- _WHAT YOU ARE ASKED TO DO_: From the line that contains "Video: Rīgas Centra" down to the final line of the listing below, set down every line exactly, both ends included, and drop the pictures.

☆ ☆ ☆ ☆

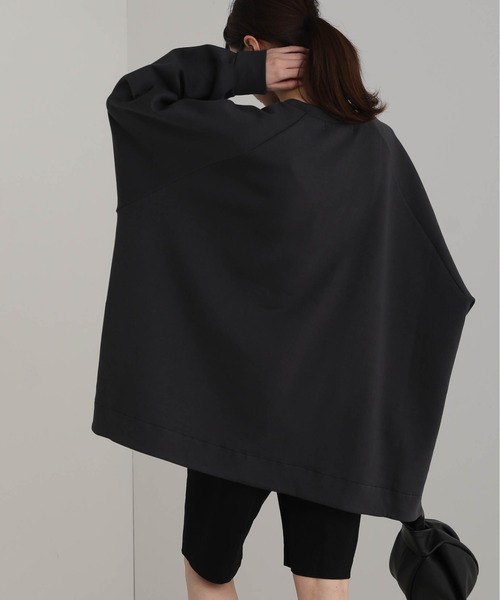 MAISON mou（メゾンムー）の「【en haut/アンオート】 ダンボールビック オーバー サイズ プルオーバー（スウェット・レディース・ホワイト/チャコールグレー・FREE）」の15枚目の写真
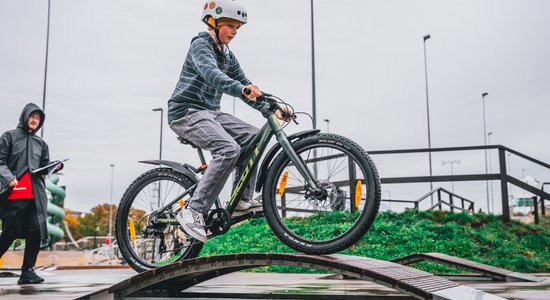 Video: Rīgas Centra sporta kvartālā atklāta jauna velotrase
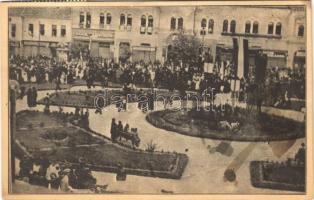 1940 Dés, Dej; Fő tér, bevonulás / main square, entry of the Hungarian troops + 1940 Kolozsvár visszatért So. Stpl. (EK)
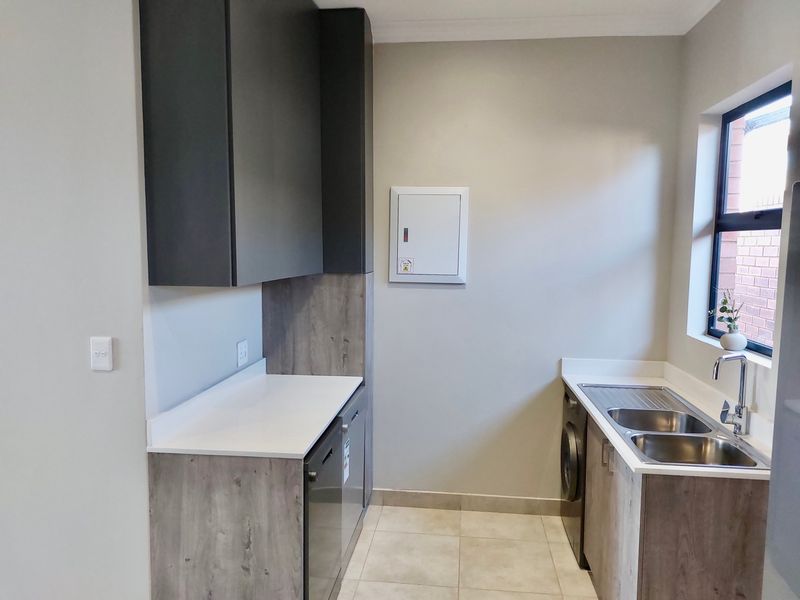 3 bedroom, 2 bathroom Simplex in Six fountains  - Photo 5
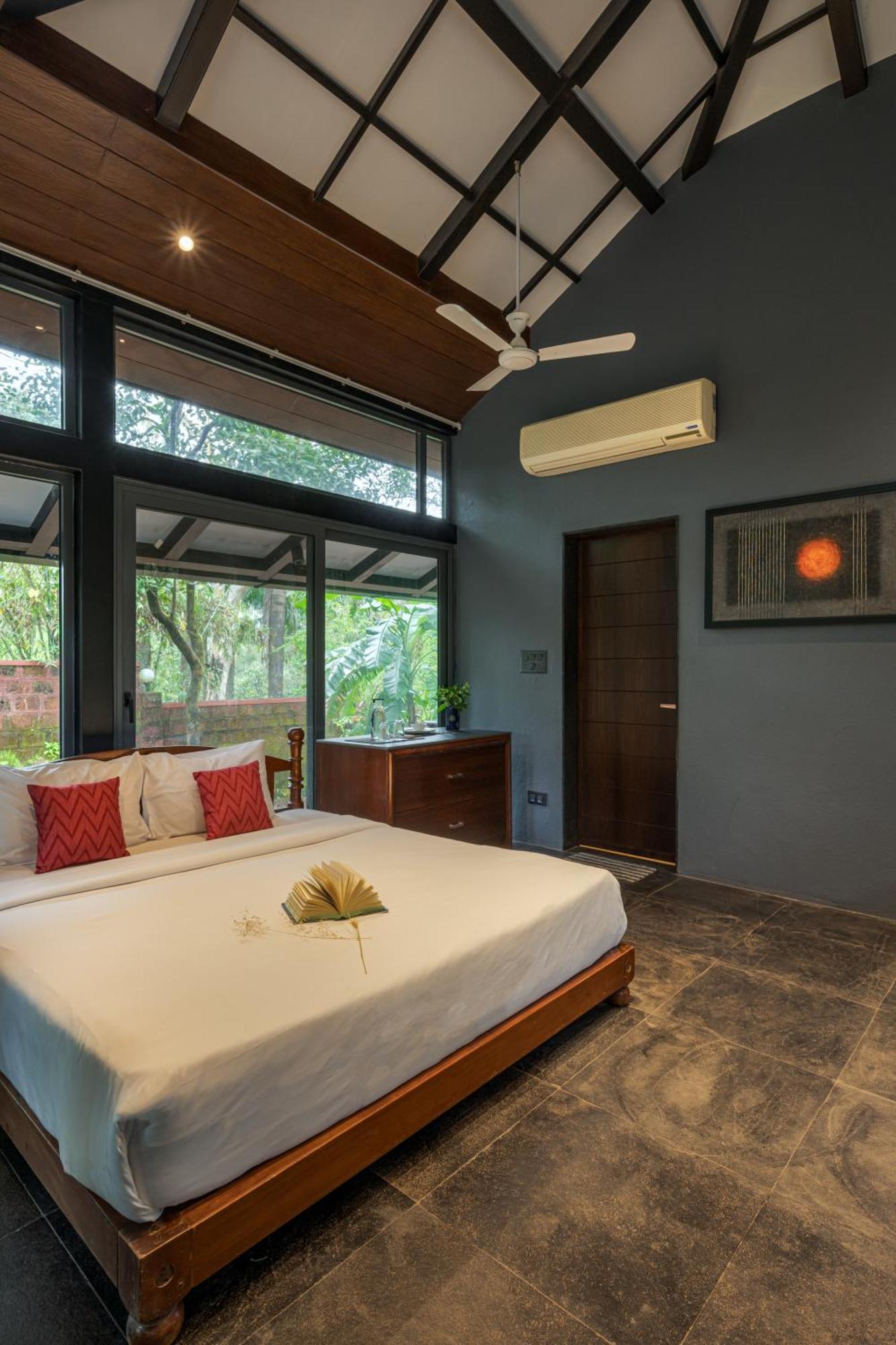 Saffronstays The Glasshouse, Panchgani - Beautiful Glass Villa For Couples المظهر الخارجي الصورة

☆ ☆ ☆ ☆

- _YOUR RESPONSE_:
 Video: Rīgas Centra sporta kvartālā atklāta jauna velotrase
 1940 Dés, Dej; Fő tér, bevonulás / main square, entry of the Hungarian troops + 1940 Kolozsvár visszatért So. Stpl. (EK)
 3 bedroom, 2 bathroom Simplex in Six fountains  - Photo 5
 Saffronstays The Glasshouse, Panchgani - Beautiful Glass Villa For Couples المظهر الخارجي الصورة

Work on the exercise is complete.